No hyphenation! — Please refrain from hyphenating your text.

Line spacing: 1.5 body and 1.0 notes.

Font: Times 12 pt body and 10 pt notes;

For Greek, use SIL Galatia. Free download at http://www.sil.org/

(To access the download for PC and Mac, please enter the phrase: "SIL Greek Font System" in the web-page’s search box).

Other non-Latin fonts: Please contact us.

 

Italics

— for titles of books, magazines, and journals

— for foreign words or phrases

— for emphasis. Indicate emphasis by italics only. No underlining, no bold-face!

 

Foreign language terms and phrases

— When you supply a term in the original language within a translated quotation, the term should be italicized and placed within square brackets, [].
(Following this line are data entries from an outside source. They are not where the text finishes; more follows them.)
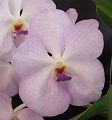 orchidee_102.jpg
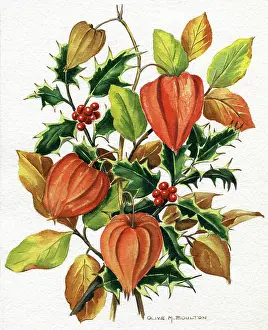 Variegated: Cape Gooseberries and Holly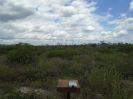 BA_498_F3_pan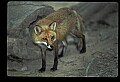 10085-00051-Red Fox, Vulpes vulpes.jpg
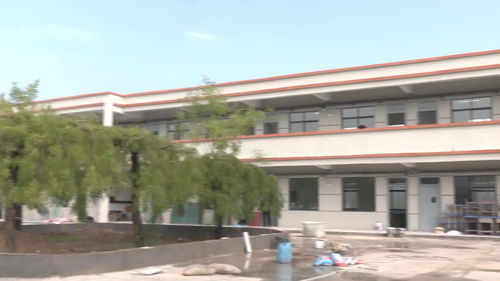 砀城第一小学教育集团杨庙校区正式启用，优质教育资源惠及更多学子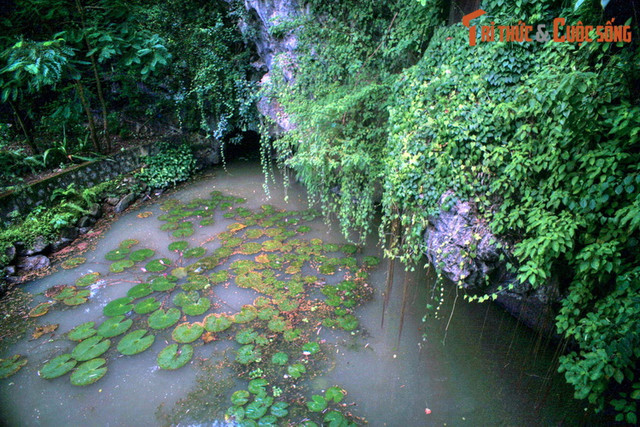 Điều đặc biệt ở nơi vua Đinh tuyên bố lập nước Đại Cồ Việt - Hình 11 Dieu dac biet o noi vua Dinh tuyen bo lap nuoc Dai Co Viet-Hinh-11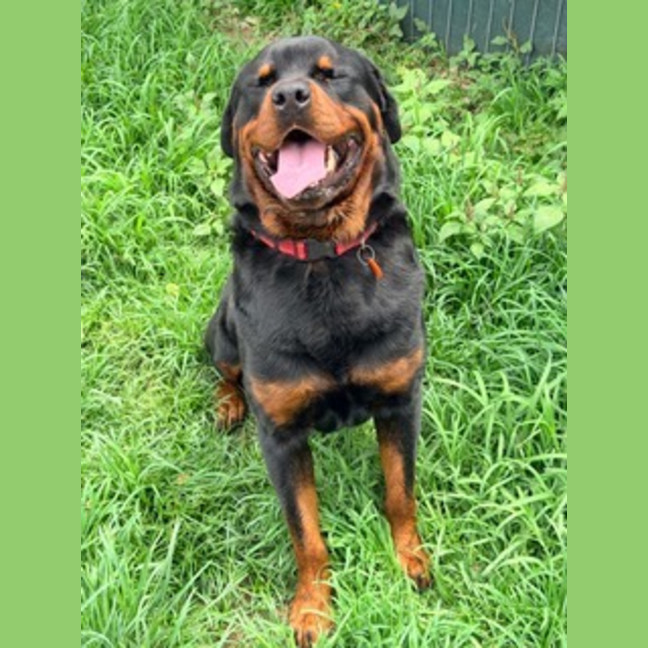 Photo of Shaka
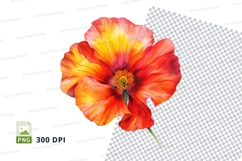 Vibrant poppy flower clipart png Product Image 1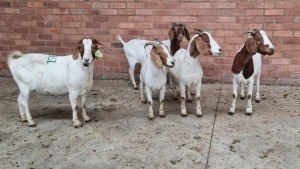 5x BOERBOK FEMALE MADEVU FARMING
Example: “To sublate [Aufheben] and the sublated (the ideal) is one of the most important concepts of philosophy”.

— When you supply a term in the original language outside a quotation the term should be italicized and placed within parentheses, ().

Example: Hegel characterizes sublation (Aufhebung) as one of philosophy’s most important concepts.

 

Formatting and Use of Graphics

Formatting should be kept to an absolute minimum! Do not use spaces and tab stops for the layout.

Graphics should be used sparingly and only in a simple form. — If possible, please include technical notes on how the graphic was generated: this will make it easier for us to integrate the graphic into the file.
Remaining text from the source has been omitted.